Risk Mitigation: A loan facility is comprised of a principal sum, and capitalised interest provision. If a capitalised interest repayment structure is being used:

  • The lender retains the capitalised interest within their facility. Doing so means that the lender knows what their total exposure (LVR) will be upon maturity of the loan.

  • A loan facility is made up of multiple components. Assuming that the Facility Limit of a loan is fixed, allowing for capitalised interest within the loan facility will reduce the principal sum available to the client.

The Dynamics of Development Loans in New Zealand

Cost-to-Complete Basis: In New Zealand, property developments are predominantly funded on a cost-to-complete basis. This means that the lenders structure loans to ensure that they always have sufficient funds in their loan facility to complete the project. As a project progresses, the property value is enhanced and the “cost to complete” the project decreases. This creates a surplus within the loan facility, allowing lenders to release funds to the client, recognising the value contributed to the site.
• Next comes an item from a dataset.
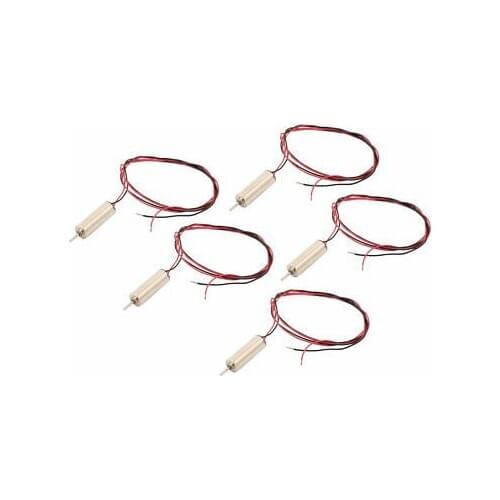 10Pcs DC 3.7V 63000RPM 2 Wires High Torque Micro Motor Magnetic Coreless Motor 4 x 12mm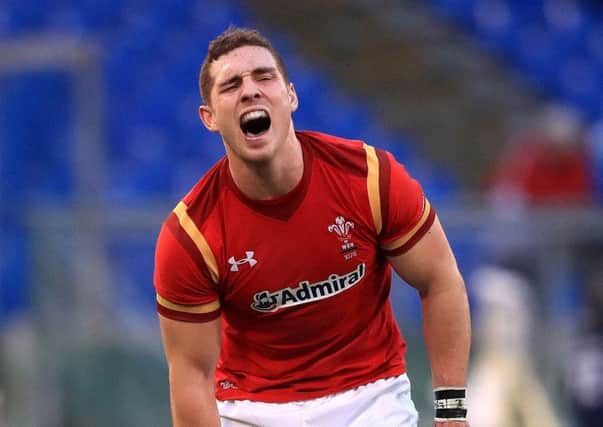 George North has returned from injury for Wales. Picture: PA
Capitalised Interest as a Project Cost: Finance costs, an integral part of any project budget; thus “interest” needs to be retained by the lender within their loan facility. Strict adoption of funding on a cost-to-complete basis will see most lenders insist on interest being capitalised for property developments. Lenders will forecast what they expect the likely interest cost will be for the term of the loan and include a provision within the loan facility.

Loan term and final LVR position: Lenders providing a capitalised interest loan do so for a specific term and based on a forecast facility limit. When the end of the term is reached, the loan will reach the facility limit. If a loan extension is required, further capitalised interest (and fees) will need to be provided. This means that the facility limit will need to increase. However, doing so will increase the LVR. If the lender is unwilling to take on further risk, the borrower will need to pre-pay interest and fees for the extended term. This is one of the reasons why lenders pay very careful attention to the development program when setting up the loan facility and during the construction phase. Potential delays can ultimately increase finance costs and increase the LVR for the loan.

Tailored Solutions for Property Developers

Development Income: Property developers, often without traditional income streams, rely on project completion and sale. Capitalised interest loans align with this income structure, allowing developers to defer interest payments until the project is sold, simplifying their financial commitments, and alleviating the financial burdens during critical construction and development phases.

Minimising Capitalised Interest Expense: Unlike lender fees, which apply to the facility limit, interest is only charged on the drawn balance of the loan. To reduce interest expenses, consider minimising the initial cash advance. This may involve paying off existing mortgages or restructuring debt away from the development asset, ensuring an unencumbered property before setting up the loan. However, it’s essential to acknowledge the trade-off – reducing debt may cut costs but could impact the return on equity for the project. 

Capitalised Interest Loans: A Win-Win for Property Developers and Lenders

In the diverse landscape of development finance, capitalised interest loans emerge as the preferred repayment method for lenders and property developers. These development loans empower developers to prioritize cash flows toward projects while concurrently serving as an effective risk management tool for lenders.